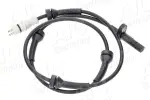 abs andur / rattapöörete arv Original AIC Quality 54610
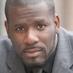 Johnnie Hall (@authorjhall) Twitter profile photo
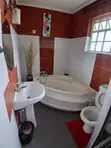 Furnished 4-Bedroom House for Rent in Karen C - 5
• • • • • • •
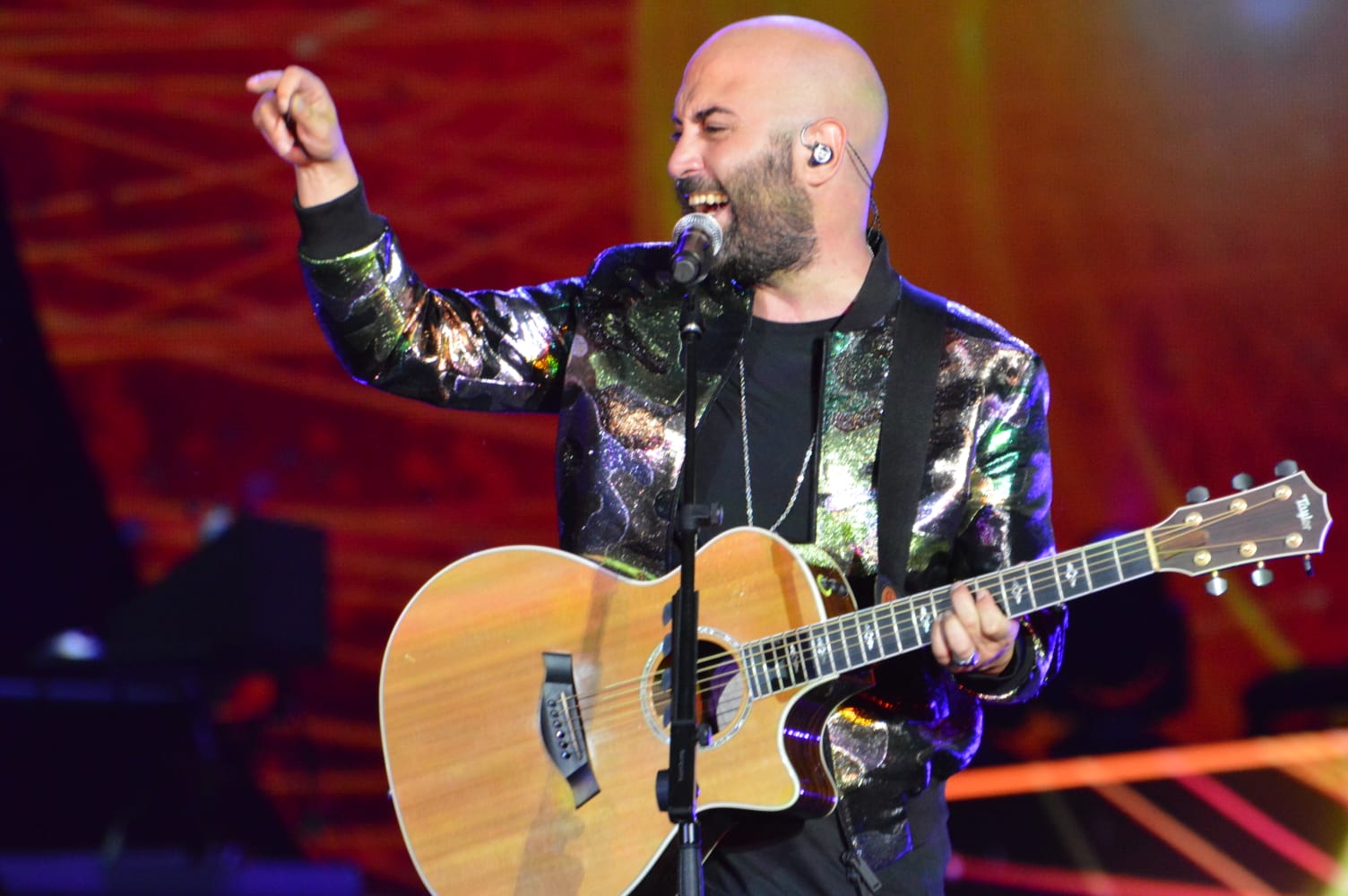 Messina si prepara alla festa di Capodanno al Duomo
• • • • • • •
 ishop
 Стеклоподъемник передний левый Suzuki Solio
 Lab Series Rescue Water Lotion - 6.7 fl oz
• • • • • • •
What is needed:
Output exactly, and only, the lines of the entries above from the one with "abs andur /" up to and including the one with "Furnished 4-Bedroom House"; pictures are to be left out.

Completed exercise:
 abs andur / rattapöörete arv Original AIC Quality 54610
 Johnnie Hall (@authorjhall) Twitter profile photo
 Furnished 4-Bedroom House for Rent in Karen C - 5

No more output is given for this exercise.